**Given data**
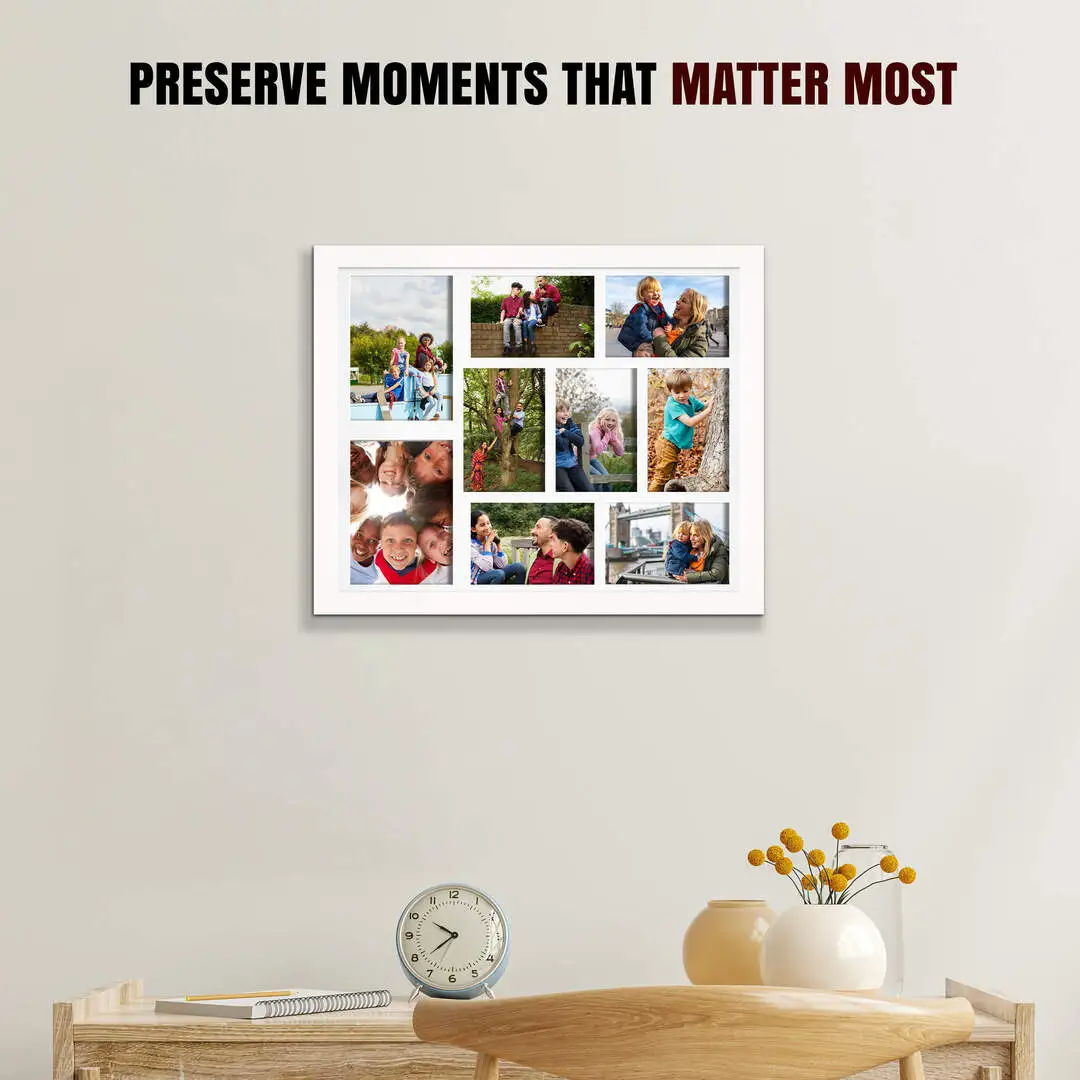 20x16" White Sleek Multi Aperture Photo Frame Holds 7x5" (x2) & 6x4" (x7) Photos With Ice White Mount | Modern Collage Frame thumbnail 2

--

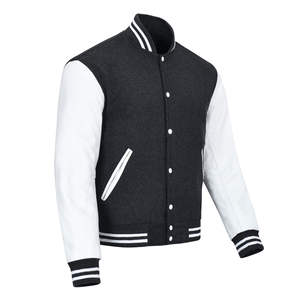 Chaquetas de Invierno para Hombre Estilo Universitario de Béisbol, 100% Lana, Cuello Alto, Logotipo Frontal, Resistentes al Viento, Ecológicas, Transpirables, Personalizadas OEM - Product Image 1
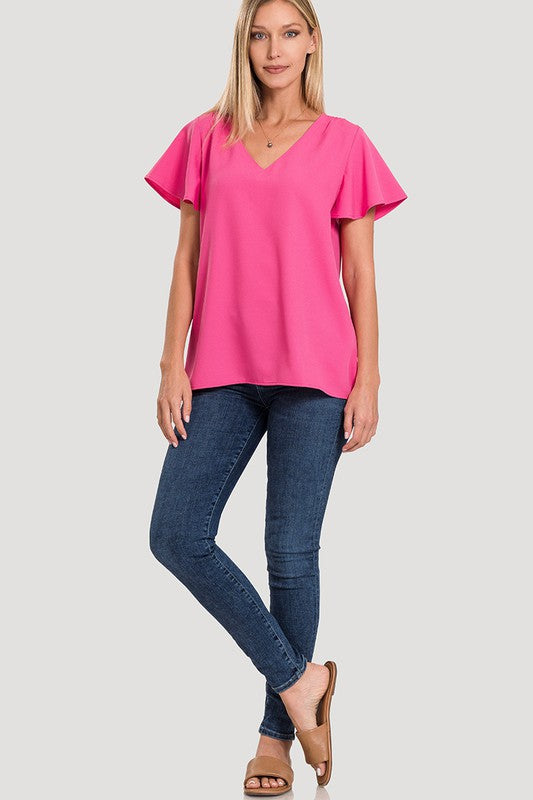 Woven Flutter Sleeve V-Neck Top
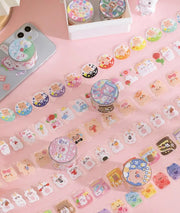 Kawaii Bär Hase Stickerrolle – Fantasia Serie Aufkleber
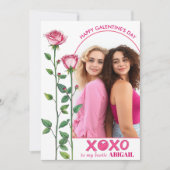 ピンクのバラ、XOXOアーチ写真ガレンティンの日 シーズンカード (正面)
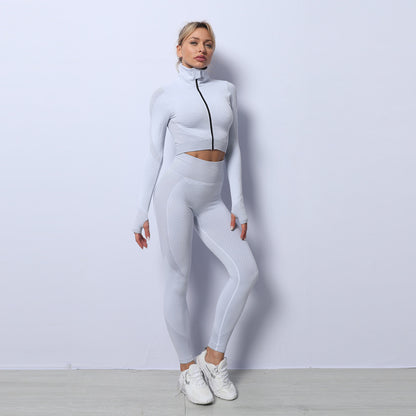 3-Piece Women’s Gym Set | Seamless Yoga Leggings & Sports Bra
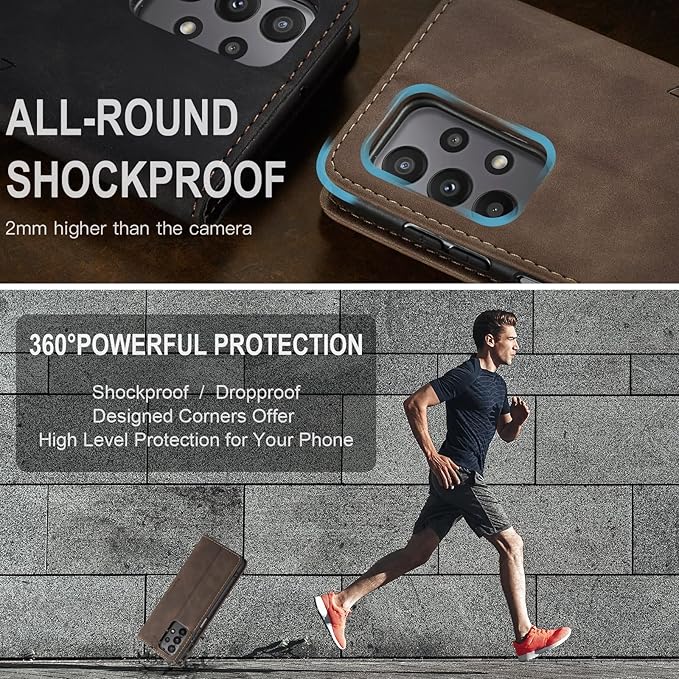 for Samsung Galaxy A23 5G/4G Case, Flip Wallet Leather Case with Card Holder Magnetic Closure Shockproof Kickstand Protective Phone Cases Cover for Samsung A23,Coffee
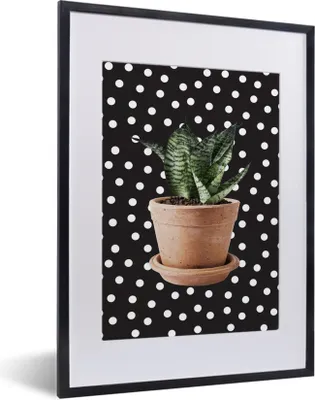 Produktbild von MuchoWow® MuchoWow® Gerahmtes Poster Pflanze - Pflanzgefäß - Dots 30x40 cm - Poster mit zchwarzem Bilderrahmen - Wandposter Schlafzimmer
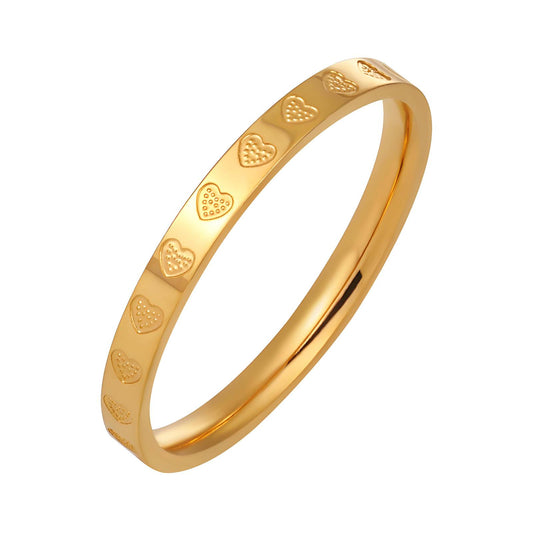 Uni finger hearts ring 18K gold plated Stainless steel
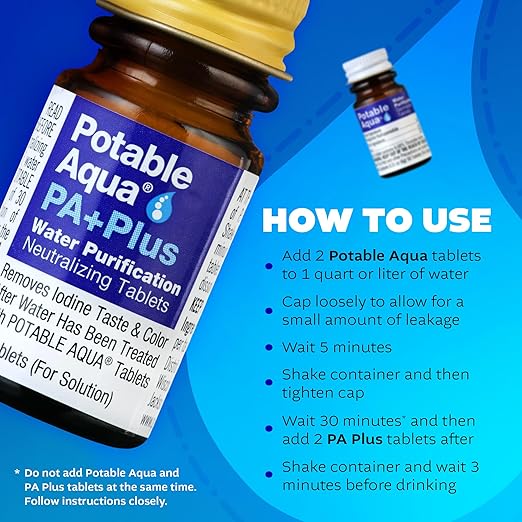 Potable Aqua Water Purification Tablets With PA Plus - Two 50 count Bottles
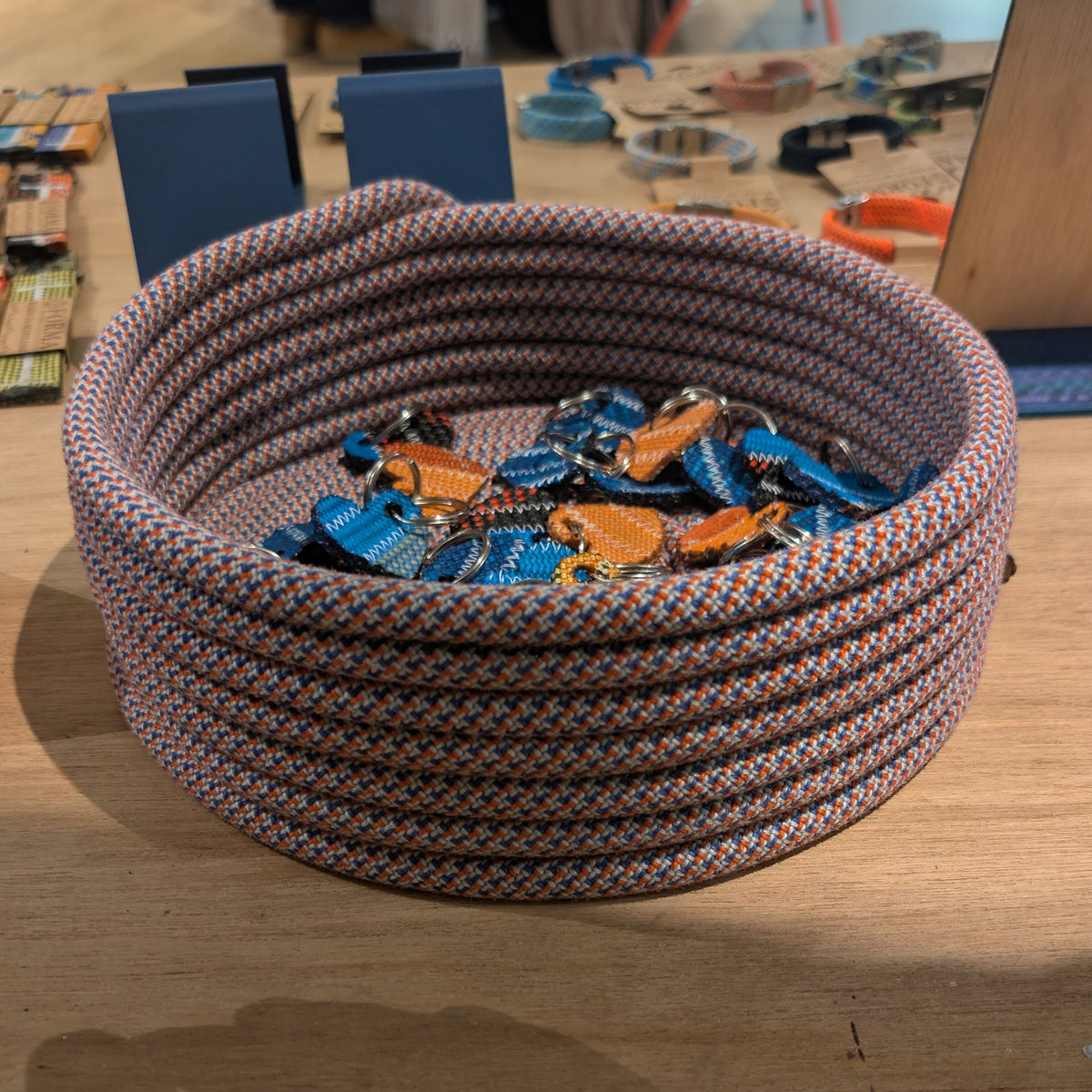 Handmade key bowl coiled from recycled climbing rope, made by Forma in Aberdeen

**Exercise**
Using the data above, output the line that has "Uni finger hearts", the line that has "Handmade key bowl", and whatever lines fall between, each exactly as it stands and without pictures.

**Expected answer**
 Uni finger hearts ring 18K gold plated Stainless steel
 Potable Aqua Water Purification Tablets With PA Plus - Two 50 count Bottles
 Handmade key bowl coiled from recycled climbing rope, made by Forma in Aberdeen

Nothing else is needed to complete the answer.